Funny how the folks getting all defensive are both 1st time posters. Guess births, deaths, or just an intro post weren't important enough to join the forum but someone posting a complaint were. Maybe they are JH & JB.


----------



## justfishing2002 (May 21, 2004)

What kind of boat do you own? Jh maybe or possibly a close friend.


JettyJumper said:


> y'all need to quit arguing over this whole thing. This has turned too political!
> 
> this is all that needs to be said:
> 
> JH Performance is in a class of its own. well made boats and they get the job done. John Holly is a good man, but he has a few kinks he needs to work out in his charector. He should be straight forward with you and if he ain't, tell him what you think. Get him to do the job right and if it does take a little longer than expected, so be it. He is trying to get you what you want along with all his other customers. Custom boats are more than what you think they are. He has to start from scrach everytime. I'm sure he is backed up on his boats with summer just around the corner and all the bad weather we have had lately, Give him a break to a certain extent. think about it before you say something or do something, it may not be his fault. then again if it his fault and he trys to blame it on you, give him he11. He should know better than that. I know his mother taught him right..................peace, JJ


----------



## Capt. Bly (May 26, 2004)

Thanks Bigwater. I guess we'll see down the road. I hope it's not a serious problem

Bly


----------



## Rowsey (May 29, 2004)

hey guys. as a JHP owner for almost 2 years and using the boat in all weathers, i can honestly say that it is finest boat, all around, that i have ever fished from (and i have been on many kinds). there are faster boats, there are those that will run shallow, but for getting it all done........ there is not a more well rounded choice available, in my opinion. john holley's customer service has been exceptional with regards to any issues i had, to the point of picking my boat up in corpus christi...... leaving me his demo in the meantime, while he adjusted a problem i had with my trim tabs initially. i had never heard of such a thing from a boat builder, but he made a huge impression on me w/ this act. john is building more boats now and i feel strongly that if there was a problem w/ anything inside of his realm of control, he will deal with it. i just ordered my second boat from him, and can assure that if i was not comfortable or had any reservartions about quality control....... there is no way i would purchase a second boat. As far as john returning phone calls, well......... he could use a secretary, for sure. he knows that i have no gripes about the boat, but sometimes it still takes 2 or 3, 4 phone calls to get his attention. i do not take it personally as i know he is busy building, has a small operation, and like all of us at work, sometimes is probaly overwhelmed w/ the demand. JHP's are fantastic boats and worth any reasonable delays.
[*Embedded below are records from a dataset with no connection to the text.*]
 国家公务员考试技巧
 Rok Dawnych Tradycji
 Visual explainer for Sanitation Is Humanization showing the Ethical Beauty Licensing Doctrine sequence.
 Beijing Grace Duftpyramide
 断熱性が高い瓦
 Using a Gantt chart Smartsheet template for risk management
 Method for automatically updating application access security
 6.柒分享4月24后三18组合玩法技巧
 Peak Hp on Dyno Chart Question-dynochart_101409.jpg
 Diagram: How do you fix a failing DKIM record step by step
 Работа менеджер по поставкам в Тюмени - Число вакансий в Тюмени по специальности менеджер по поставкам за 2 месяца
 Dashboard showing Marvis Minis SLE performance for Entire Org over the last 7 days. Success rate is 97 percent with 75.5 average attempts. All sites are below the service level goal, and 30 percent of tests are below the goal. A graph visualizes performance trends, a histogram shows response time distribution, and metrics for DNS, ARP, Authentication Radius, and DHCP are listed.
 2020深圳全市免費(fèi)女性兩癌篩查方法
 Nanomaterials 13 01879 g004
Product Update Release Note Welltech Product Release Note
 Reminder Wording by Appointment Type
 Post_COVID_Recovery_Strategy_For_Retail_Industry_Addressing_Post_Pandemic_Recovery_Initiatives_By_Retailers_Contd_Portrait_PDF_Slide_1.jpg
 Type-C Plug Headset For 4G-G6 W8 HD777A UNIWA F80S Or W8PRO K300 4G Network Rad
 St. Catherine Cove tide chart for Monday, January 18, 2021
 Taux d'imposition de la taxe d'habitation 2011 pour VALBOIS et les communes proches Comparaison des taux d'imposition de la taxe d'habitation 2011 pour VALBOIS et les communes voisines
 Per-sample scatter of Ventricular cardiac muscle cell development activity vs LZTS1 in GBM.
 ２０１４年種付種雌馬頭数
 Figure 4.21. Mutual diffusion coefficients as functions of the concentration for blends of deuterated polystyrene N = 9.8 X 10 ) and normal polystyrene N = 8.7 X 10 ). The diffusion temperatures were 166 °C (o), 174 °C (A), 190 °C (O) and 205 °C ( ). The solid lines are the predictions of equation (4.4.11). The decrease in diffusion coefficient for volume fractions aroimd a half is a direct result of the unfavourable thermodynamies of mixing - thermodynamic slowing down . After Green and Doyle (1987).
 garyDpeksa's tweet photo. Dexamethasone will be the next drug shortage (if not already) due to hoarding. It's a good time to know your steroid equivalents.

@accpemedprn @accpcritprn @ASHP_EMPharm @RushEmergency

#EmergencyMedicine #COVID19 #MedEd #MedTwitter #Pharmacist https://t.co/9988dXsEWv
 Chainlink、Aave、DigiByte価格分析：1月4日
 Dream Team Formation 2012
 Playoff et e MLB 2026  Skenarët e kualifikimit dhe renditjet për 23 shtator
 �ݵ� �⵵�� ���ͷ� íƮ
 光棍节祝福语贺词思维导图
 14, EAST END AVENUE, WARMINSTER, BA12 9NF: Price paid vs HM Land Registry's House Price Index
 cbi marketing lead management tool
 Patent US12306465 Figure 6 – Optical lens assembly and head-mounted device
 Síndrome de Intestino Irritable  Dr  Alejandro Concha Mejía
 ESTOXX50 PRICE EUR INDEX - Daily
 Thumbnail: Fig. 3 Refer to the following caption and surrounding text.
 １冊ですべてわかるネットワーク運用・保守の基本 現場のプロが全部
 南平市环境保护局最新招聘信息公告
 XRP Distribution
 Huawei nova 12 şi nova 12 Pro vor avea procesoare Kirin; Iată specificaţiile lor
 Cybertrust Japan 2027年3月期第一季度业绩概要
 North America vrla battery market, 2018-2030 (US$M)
p.s. for anyone interested, i just put my 2002 in the classifieds here, ***, and houston chronicle, in anticiapation of my new one being built.

keep it safe out there, david rowsey


----------



## Bigwater (May 21, 2004)

I want to clarify some things that have been brought up with this thread. Many have asked for me to find out what was the problem with the mold on the 240. I have done that. The problem John from the shop mentioned about the mold was a small dimple about the size of a pencil eraser. Knot deep at all. You can't even see it unless you look reeeeel close. JH pointed to it and I couldn't see it until I squinted and got close, and I wear glasses. There is one on the starboard side back close to the stern and he said there are two underneath. THEY ARE COSMETIC. They will knot effect the performance. They are small. So that answers the question about the mold. As far as the hull JH has had no structural failures. Only one baot has failed and that was one that was run up on a large pipe and it punched a large round hole in it. Any glass boat would experience the same. 
Now for the good news. JH is going to take care of every single issue that I have including answering with the right leaning post! The one I ordered. He took care of a few minor things while I was there and it was my pleasure to talk a little fishing with one of Johns old customers. It also gave me the oportunity to see JH in action leading the men and instructing them on the course of thier work. The man does the sales and personnally spends a LOT of time in the shop. He also runs long distances for parts,so after considering all of this I can understand why he might have missed one of my voice mails. 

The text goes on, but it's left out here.